Konferenz zur Förderung einer seltenen Spezies

Dieses Wochenende war ich in Berlin auf einer Tagung der bundesweiten Gründerinnenagentur (bga), einer Art Thinktank für die Förderung von Gründerinnen. Unter anderem koordiniert die bga ein großes Netz von Beratungsstellen und sammelt harte Daten und Fakten zur aktuellen Situation von weiblichen Selbständigen.

Deine Bubbel existiert nicht

Dieses Zahlenmaterial ist überwiegend recht aufrüttelnd.

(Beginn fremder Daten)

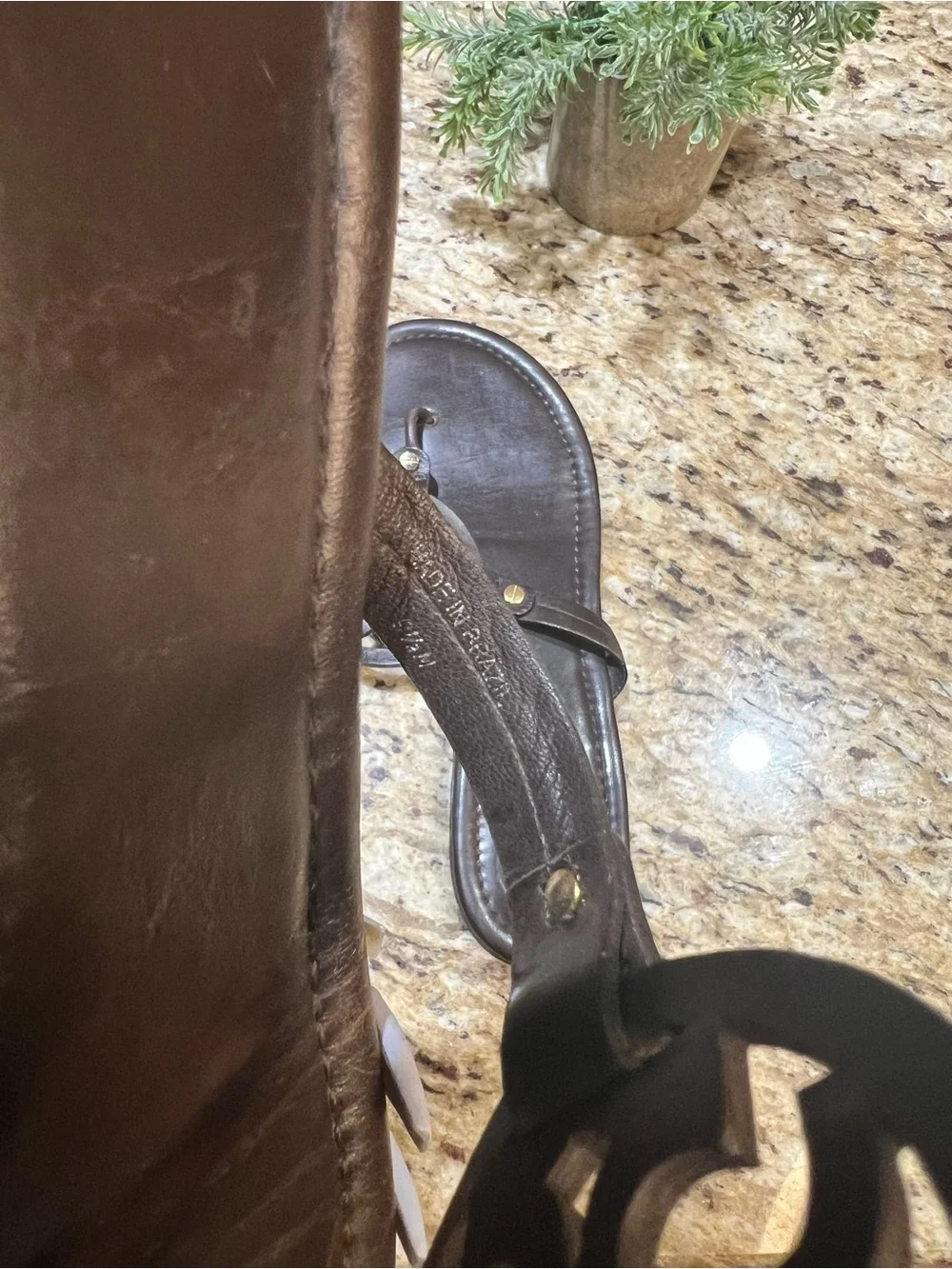 TORY BURCH Miller Chocolate Brown Leather Thong Sandals 9.5M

Natürlich ist mir klar, dass mein Umfeld (das zu gefühlten 80 % aus Selbständigen besteht) nicht repräsentativ ist. Aber dass nur 12 % der deutschen Erwerbstätigen selbständig sind, hat mich etwas erschrocken. Unter Frauen sind es noch weniger: nur 7,5 % der erwerbstätigen Frauen sind selbständig.

Da fühlt man sich plötzlich — ein bisschen wie ein Alien. Auf einer Konferenz zur Förderung dieser Aliens.

Wir sind Exoten

Gut, dann sind wir also Exoten. Aber (und das war eine der schönen Erkenntnisse dieses Tages): Es gibt Leute, die für uns sprechen und für uns Lobby-Arbeit machen. Und zwar aufrichtig sprechen. So, dass ich ihnen abnehme, dass sie sich nicht nur aus Sorge um den zukünftigen Unternehmermangel um dieses brachliegende Potential kümmern — sondern dass es ihnen ein Anliegen ist, Gründerinnen zu unterstützen.

Zum Beispiel sagte der Gastgeber der Tagung, Dr. Alexander Schumann, in seiner Begrüßung den schönen Satz: „Das Haus der Deutschen Wirtschaft [in dem die Tagung stattfand] ist auch Ihr Haus, denn Sie sind Teil der deutschen Wirtschaft und sollen sich hier wohlfühlen.

Da musste ich eine Weile darüber nachdenken — ich? Teil der deutschen Wirtschaft? Eigentlich logisch: klar, bin ich ein (winziger) Teil davon. Aber selbstverständlich ist das nicht für mich, und ich vermute, dass sich viele meiner Mit-Gründerinnen und Mit-Selbständigen noch weniger gemeint fühlen, wenn von Wirtschaft die Rede ist.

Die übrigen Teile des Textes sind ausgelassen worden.